Early Z rejection on NV6800!!

hihi!
i was wondering how to u all test if early z rejection is working in a correct procedure on NV6800?? My current test algorithm doesnt seem to be working. My final result was “diminishing” and being “clipped” to nothingness…sigh

//Pass 1: Render Current Depth to a PBuffer
1)clear color to black & clear depth to 1
2)set to draw at backbuffer
3)disable depth test, set depth mask to false
4)modelview, load identity matrix, do glulookat
5)bind shader, draw a cube

//Vertex program for cube: 
VertexOut RenderDepth(VertexIn IN, uniform half4x4 modelViewProj) 
{ 
      VertexOut OUT; 
      OUT.position = mul(modelViewProj, half4(IN.position, 1.0)); 
      return OUT; 
} 
//Fragment program for cube: 
Pixel RenderDepth(Fragment IN) 
{ 
     Pixel OUT; 
     OUT.color = IN.position.z; //luminance, (z from WPOS) 
     return OUT; 
} 

Result of pass 1:
i see a white square (due to camera positioning), the surrounding pixels looks black. The results were outputted into Image Debugger.

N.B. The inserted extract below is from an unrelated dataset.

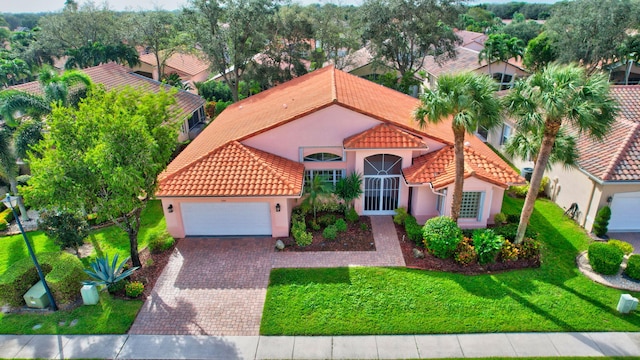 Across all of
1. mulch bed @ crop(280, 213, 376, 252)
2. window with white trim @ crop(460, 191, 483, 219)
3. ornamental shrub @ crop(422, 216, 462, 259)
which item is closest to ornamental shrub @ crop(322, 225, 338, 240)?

//Pass 2: Discarding pass at framebuffer
1)clear color to black & clear depth to 1
2)set to draw at backbuffer
3)enable depth test, set depth mask to TRUE, depth func to LESS
4)set color mask to false,false,false,false
5)disable stencil test, disable alpha test
6)bind shader, draw a quad (z = -1.0f), bind render texture from pass 1

//Vertex program for quad: 
VertexOut DiscardDepth(VertexIn IN) 
{ 
      VertexOut OUT; 
      OUT.position = half4(IN.position, 1.0f); 
      return OUT; 
} 
//Fragment program for quad: 
//output Green color for visual detection 
Pixel DiscardDepth(Fragment_V3 IN, 
                 uniform samplerRECT prevDepth) 
{ 
      Pixel OUT; 
      float prev_depth = texRECT(prevDepth, IN.position.xy).x; 
      if(prev_depth != 0) 
   discard; 
      OUT.color = half4(0,1,0,1); 
      return OUT; 
} 

Result of pass 2:
If color writes were enabled instead, i could see the framebuffer having a black square(due to the discard), the surrounding pixels were green.
If color writes were disable, i would see a black screen.

After pass 2, i did this to try to see whats in the depth buffer (using The Image Debugger):
imdebugDepthf(0,0,width,height);

what i saw was a white square(due to the cube), the white areas are due to the depth having a 1, and the surrounding areas black, due to the depth being 0.

at this point, i am wondering, since there are 2 depth buffers (i think),
should i be seeing whats in the depth buffer??
or perhaps if early z is still under function, i should see all white instead??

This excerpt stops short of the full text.